▸ Problem to work on: Where the line containing "Photo 3 of 2017" appears, start repeating, and continue exactly through the last line below, adding nothing. Include no pictures.

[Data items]
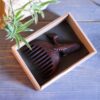 Peigne en Bois Sculpté à la Main avec Motif Baleine - Un Symbole de Beauté Océanique et d'Artisanat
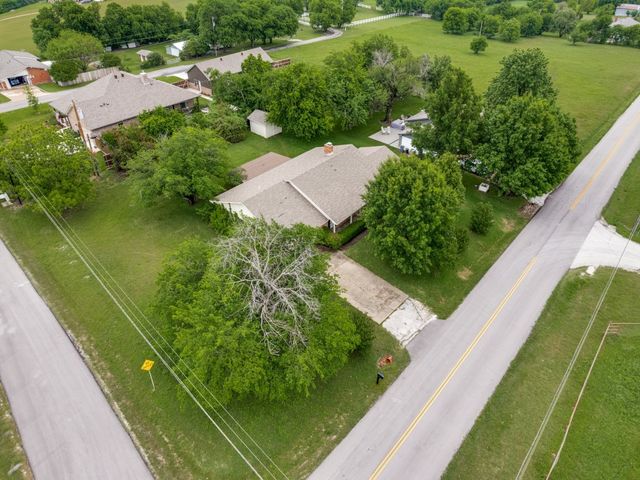 501 Stevens Drive, Benbrook, TX 76126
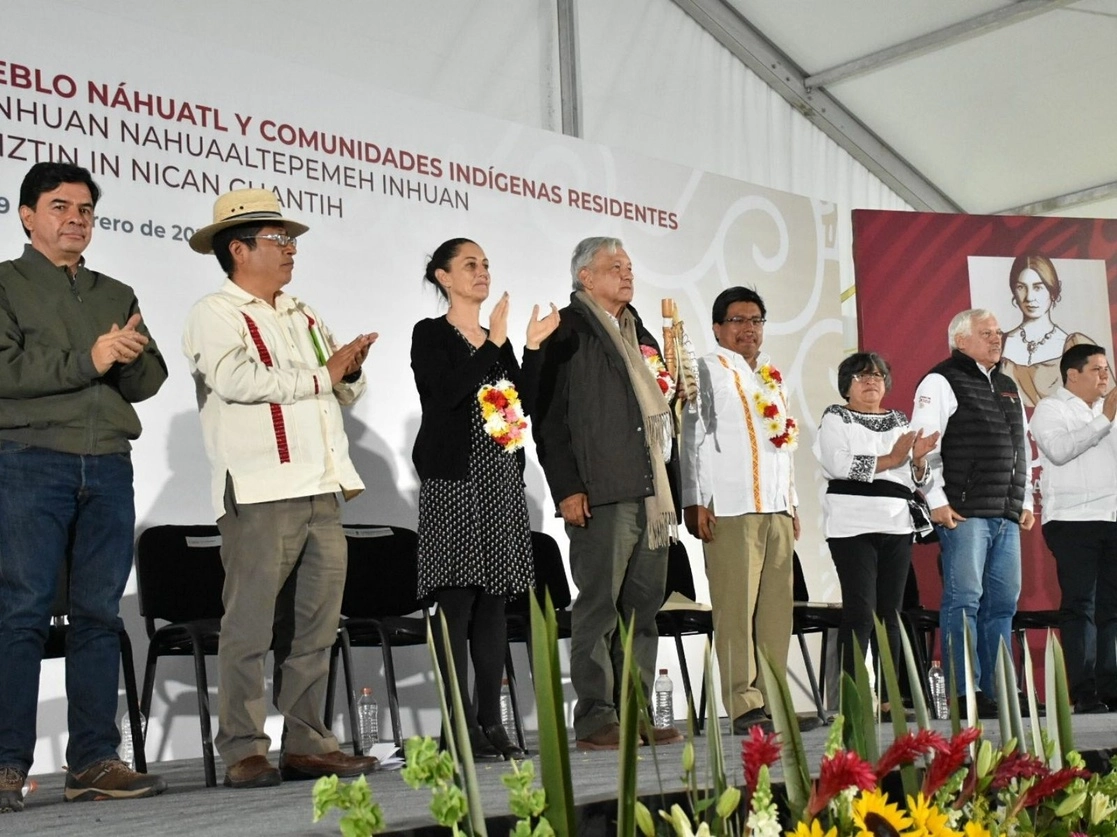 La creación de la Universidad de Lenguas Indígenas de México es compromiso adoptado por el presidente López Obrador. En imagen del 9 de febrero de 2020. Foto tomada del Twitter de @INPImx
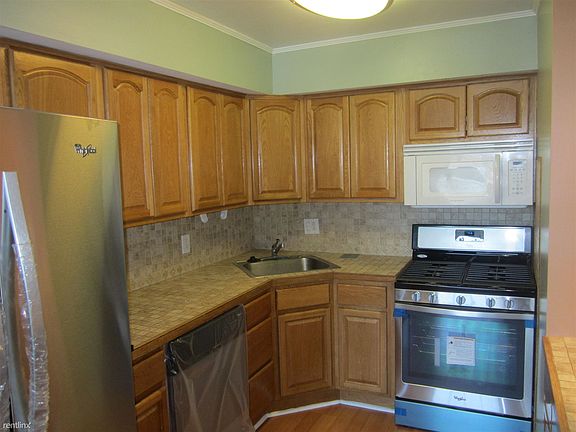 325 Warminster Rd A-4 003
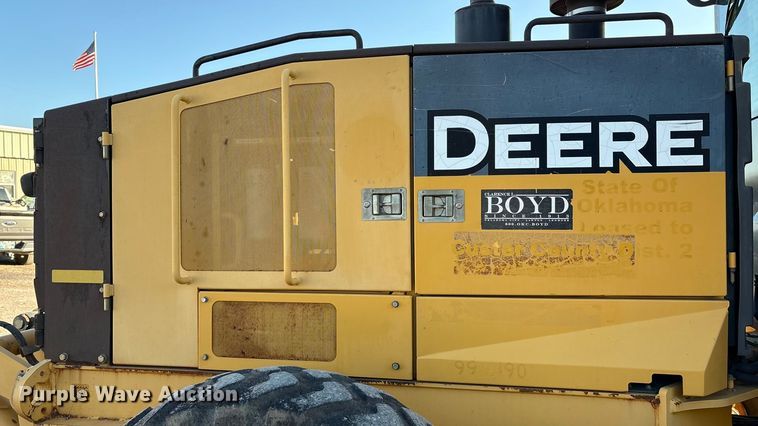 image for item IE9238 2009 John Deere 670G motor grader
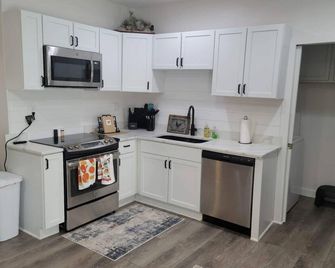 College World Series/Traveling Nurses loft apartment near West Dodge Expressway - Elkhorn - Cocina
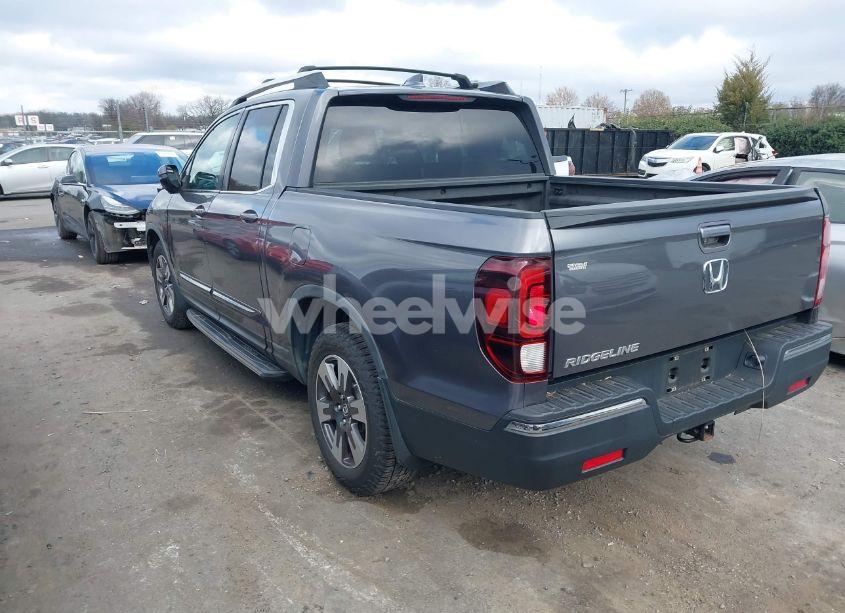 Photo 3 of 2017 Honda Ridgeline RTL-T (VIN 5FPYK2F65HB004473)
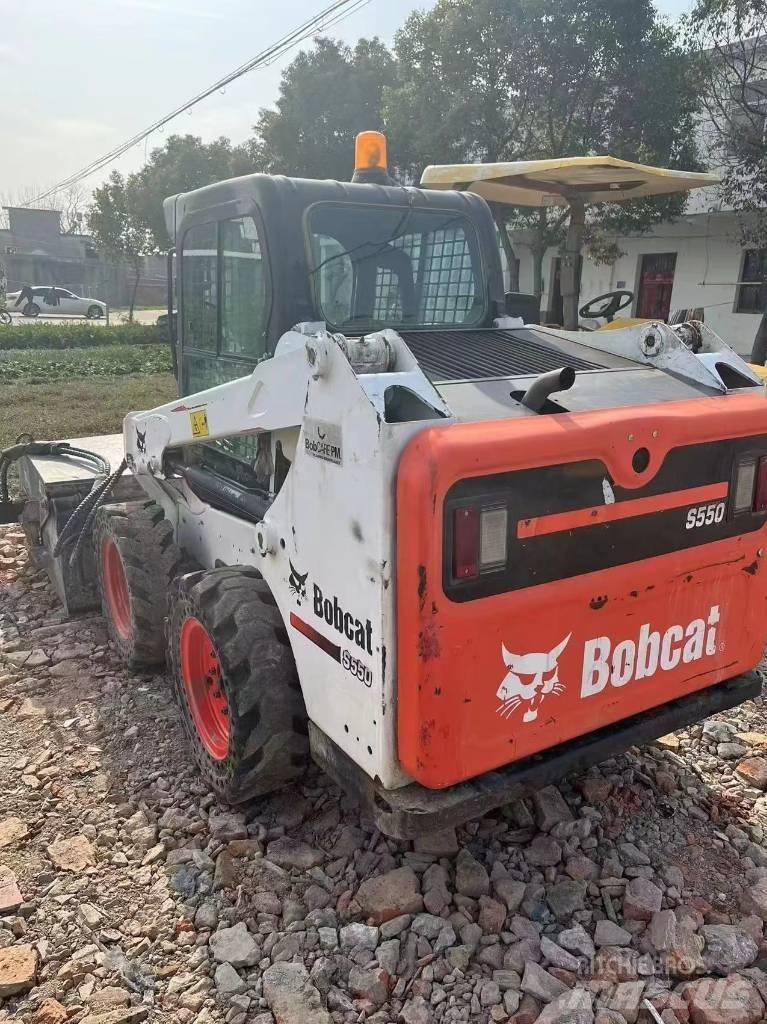 Bobcat S 550 Фронтальные погрузчики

▸ Solution to this task:
 Photo 3 of 2017 Honda Ridgeline RTL-T (VIN 5FPYK2F65HB004473)
 Bobcat S 550 Фронтальные погрузчики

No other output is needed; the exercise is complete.